Thank you all for your input. I will look into the istick and VTC


----------



## Wyvern (8/12/15)

Dude, I was also in two minds about the Evic mini and subox - I ended up going for the evic - and I wont regret it. For me the main difference is the way the two feels - the evic just feels more solid and oh so user friendly. I am using the TC in SS and love it. The subox is for me an awesome little mod that I might get for when going out (I am contemplating the nano tho.) The evic I can see will be the mod that I never let go at all.(this is from a noobs perspective)


----------



## MorneW (8/12/15)

I have both mentioned and am very happy with them.


----------



## Paulie (8/12/15)

Its a nice to have not have to have man! You dont need anything above 100w unless you really do drip over 100w daily.


----------



## rogue zombie (8/12/15)

I still cannot vape at more than 40watts.

On my regulated mod, I have 24guage duals coils at 0.25ohm.... I get more satifaction than I need out of that. And I get into trouble when I vape in the kitchen, because of the clouds. My Reo setup is roughly at 30 watts, and that's what I always look to grab first.

I personally don't see the need for quad-coil hectic setups for SATISFACTION. I see it as purely a choice, and not a need.

It is nice to hear of other folks in my boat - kids stuff is big money nowadays, otherwise I'd have 3 Reo's 

Every time I think I'm going to splash out on a new one, "Oh the school needs this much for this, and that much for that...."



Sent from my SM-G920F using Tapatalk

Reactions: Like 1 | Agree 1


----------



## korn1 (8/12/15)

You could always tell your daughter that she can do gymnastics in Parys .

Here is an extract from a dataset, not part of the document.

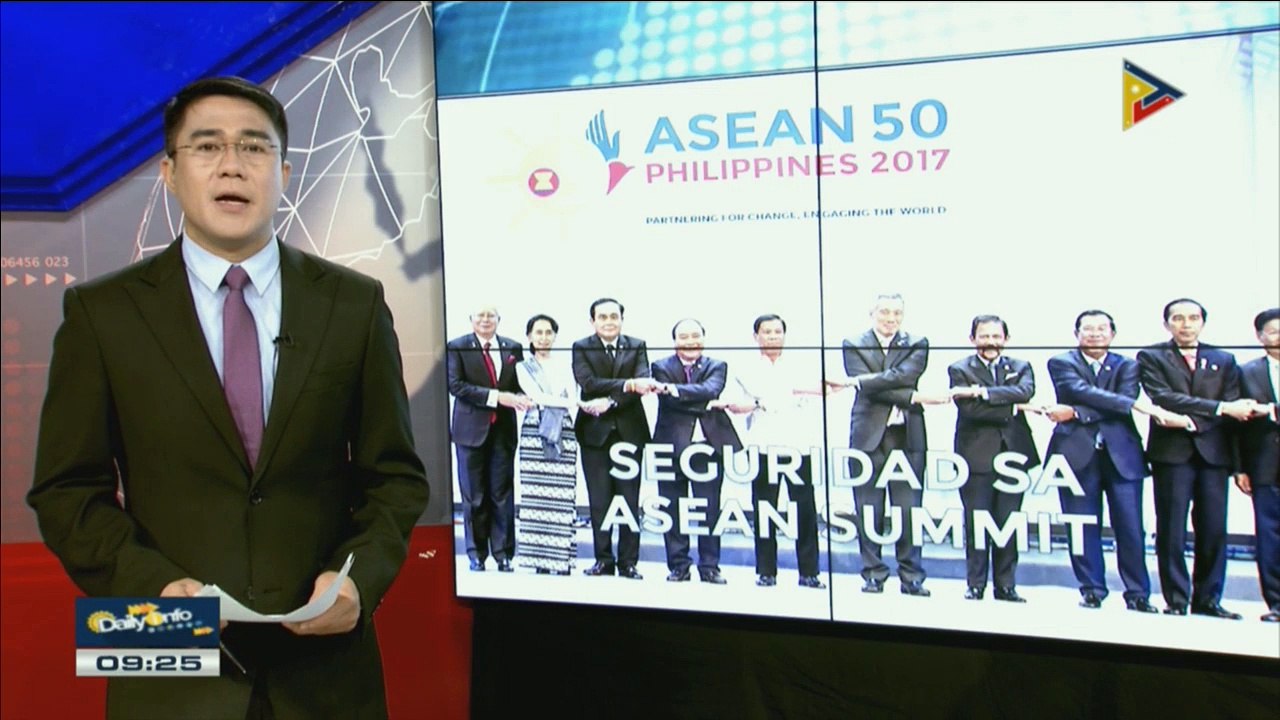 Permit to carry firearms, suspendido simula Nov. 1 bilang paghahanda sa #ASEAN Summit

I am a noob but I think you will survive without one for now

Reactions: Funny 1


----------



## Cespian (8/12/15)

Max I've vaped was 65watts (using SMOK X CUBE 2). I find that the biggest factor for me is battery life (because I'm lazy to charge of course ). Hence most MODS with dual 18650's that can fire up to 75watts is all I need... In my experience of course.


----------



## BuzzGlo (8/12/15)

I've been back and forth about the same thing 
RX200 : R900 - R1300
18650's : R450 - R 600
4 bay Charger : R500 - R600

About 2k for a mod I'd love to have when I have 60w evic vt already. Granted the evic Vt has its issues but it does the Job.


----------